See it in action: salesforce
Salesforce's growth execution from 1999 to 2005 maps precisely to this playbook. Commitment and scarification: Marc Benioff quit Oracle and committed publicly to 'the end of software' — a scarification so dramatic it defined the company's identity and made retreat impossible. Germination: the first year focused on a deliberately simple CRM product (radicle), targeting small businesses that enterprise vendors ignored (10 customers who loved it). By year two, early adopters were paying (cotyledon deployment), validating that businesses would trust a web application with their customer data — which in 2000 was not obvious. Pioneer-to-scale codification: Benioff personally developed the sales playbook from his Oracle experience, documenting objection handling, demo flows, and closing techniques before hiring a sales team. The V2MOM framework (Vision, Values, Methods, Obstacles, Measures) codified the execution system that every new hire could follow. Infrastructure was built before replication: Salesforce invested heavily in the AppExchange platform and developer tools — root investment that would sustain decades of shoot growth. Phototropic reallocation: Salesforce systematically tracked which customer segments showed the strongest retention and expansion signals, then reallocated resources accordingly — the shift from small business to mid-market to enterprise was a series of phototropic pivots following the strongest gradient. Expansion sequencing: Salesforce chose stepwise over all-at-once for both product and geographic expansion, proving each product (Sales Cloud, then Service Cloud, then Marketing Cloud) and each market (US first, then Europe, then Asia) before committing to the next.
Adapt to your context
first startup
Steps 1-2 (commitment and germination) are your entire focus. Do not think about branching or sequencing until you have product-market fit. The pioneer-to-scale codification becomes critical at $10M ARR. Everything before that is germination.
scaling saas
Step 3 (pioneer-to-scale codification) is your critical moment. Most SaaS companies fail the founder-to-VP-Sales transition. Codify ruthlessly before hiring. The 90-day sprint structure prevents the common mistake of hiring 10 reps with no playbook.
geographic expansion
Steps 5-6 (branching + sequencing) are primary.
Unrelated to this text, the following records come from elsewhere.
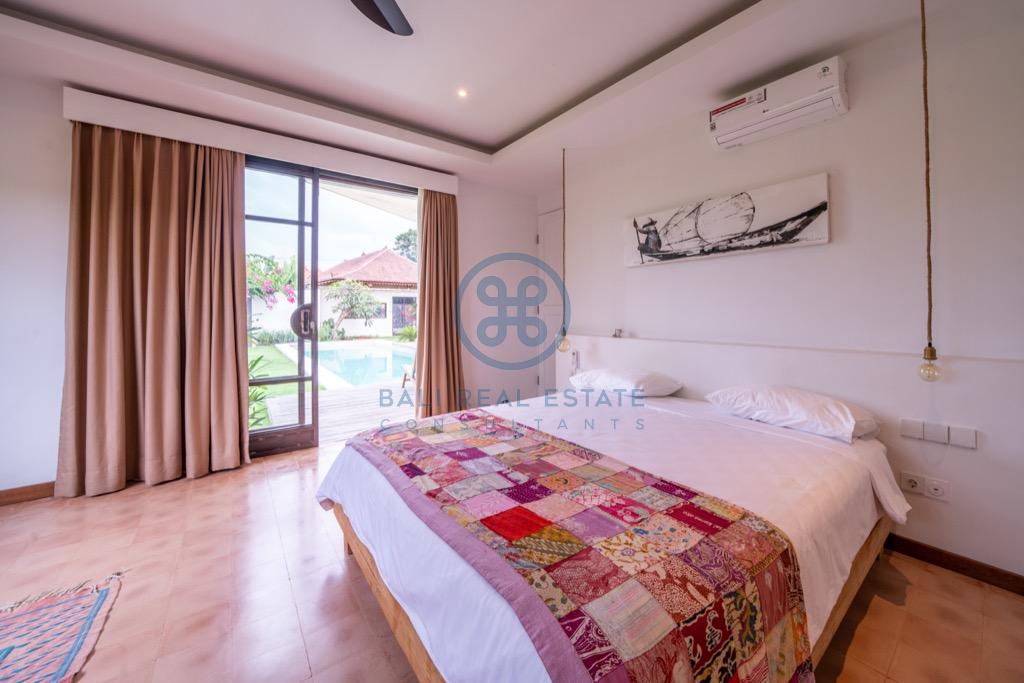bedroom villa in tumbak bayuh for sale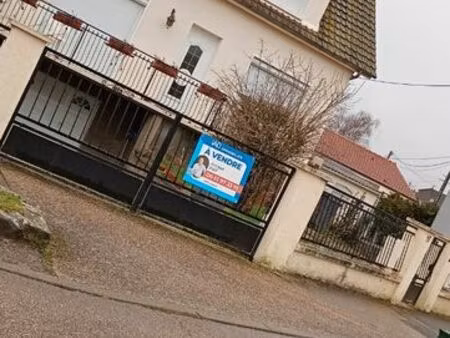 vend maison dans village calme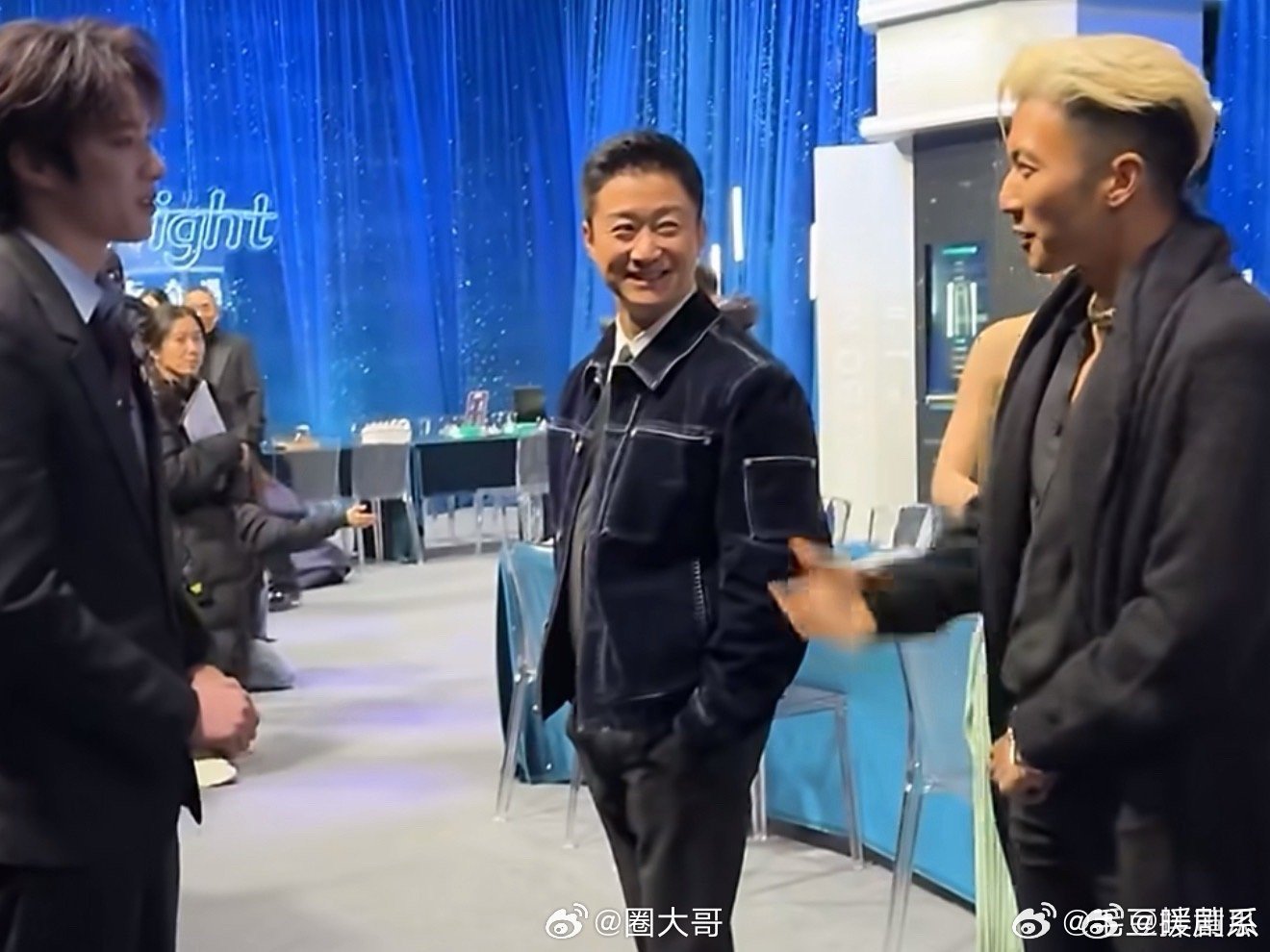 吴京给谢霆锋介绍刘耀文谁懂啊这个画面的氛围感！吴京跟霆锋安利耀文的打星梦，霆锋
The sequencing decision between all-at-once and stepwise is the highest-leverage choice. Default to stepwise unless you have compelling evidence for all four all-at-once criteria.
product line expansion
Steps 1 and 5 (commitment + branching) are primary. Each new product line is a branch that must pass the independence test. The 36-month timeline with mandatory scale-or-prune review prevents zombie product lines.
turnaround growth
Start with Step 4 (phototropic reallocation) — you are not building from zero but redirecting existing resources toward the strongest signal. The staged 25% reallocation prevents the shock of overnight restructuring while still producing measurable change.